**DATA SUPPLIED:**
BEGIN
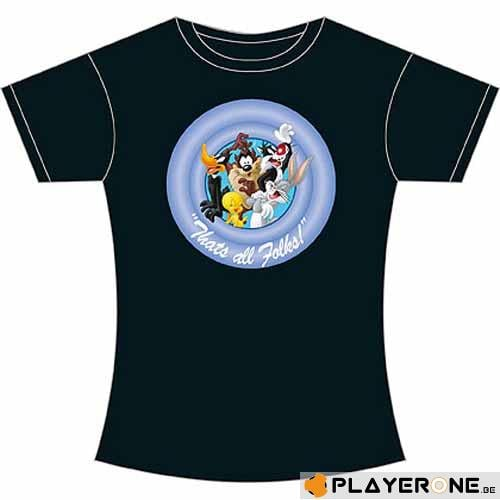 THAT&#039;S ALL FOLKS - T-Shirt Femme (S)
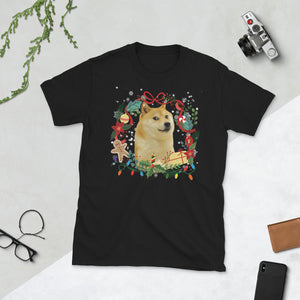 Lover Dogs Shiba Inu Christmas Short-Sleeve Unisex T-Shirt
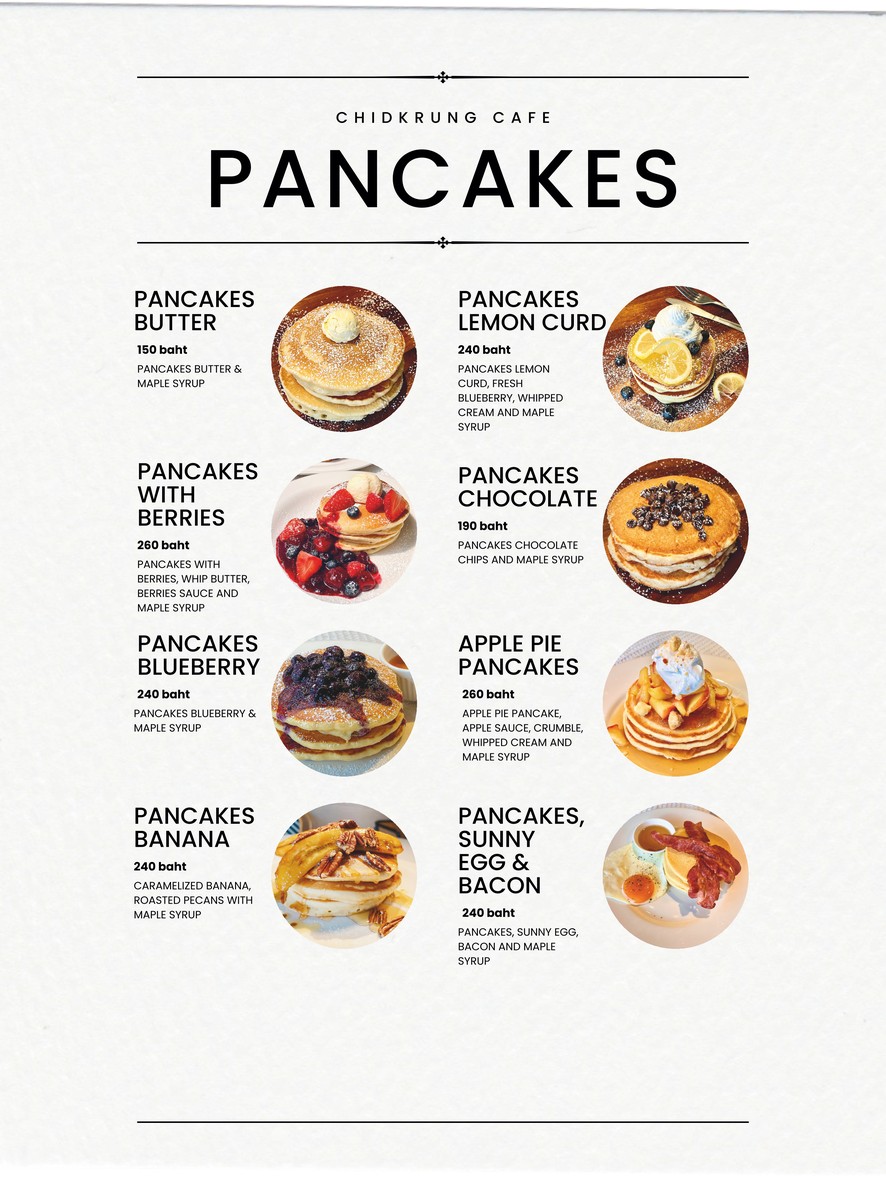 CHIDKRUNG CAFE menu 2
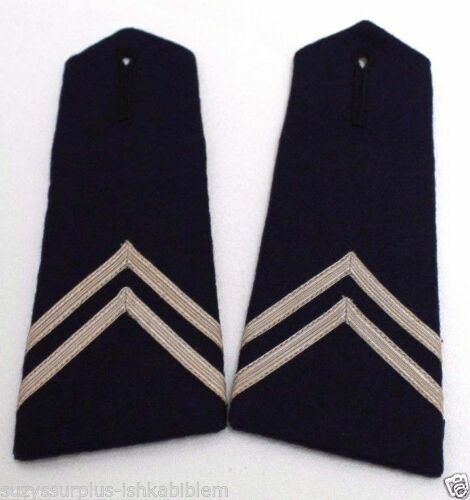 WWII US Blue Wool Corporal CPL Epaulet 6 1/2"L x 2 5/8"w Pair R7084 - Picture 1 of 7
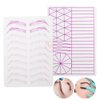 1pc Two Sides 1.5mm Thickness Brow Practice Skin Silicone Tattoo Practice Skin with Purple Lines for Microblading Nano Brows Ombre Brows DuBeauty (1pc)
END
BEGIN
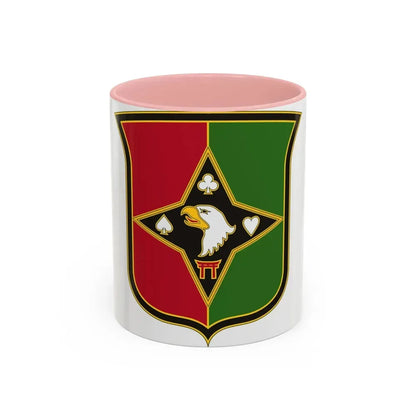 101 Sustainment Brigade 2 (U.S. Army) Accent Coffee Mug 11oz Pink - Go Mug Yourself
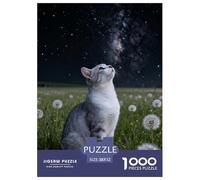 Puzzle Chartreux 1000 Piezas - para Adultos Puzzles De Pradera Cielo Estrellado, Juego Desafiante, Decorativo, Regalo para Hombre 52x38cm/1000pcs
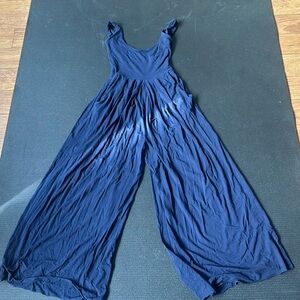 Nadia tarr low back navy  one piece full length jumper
END
**WHAT YOU WILL DO:** Your answer should consist of the lines above between those holding "THAT&#039;S ALL FOLKS - T-Shirt Femme (S)" and "1pc Two Sides", inclusive, reproduced word for word and without pictures.

**COMPLETED TASK:**
 THAT&#039;S ALL FOLKS - T-Shirt Femme (S)
 Lover Dogs Shiba Inu Christmas Short-Sleeve Unisex T-Shirt
 CHIDKRUNG CAFE menu 2
 WWII US Blue Wool Corporal CPL Epaulet 6 1/2"L x 2 5/8"w Pair R7084 - Picture 1 of 7
 1pc Two Sides 1.5mm Thickness Brow Practice Skin Silicone Tattoo Practice Skin with Purple Lines for Microblading Nano Brows Ombre Brows DuBeauty (1pc)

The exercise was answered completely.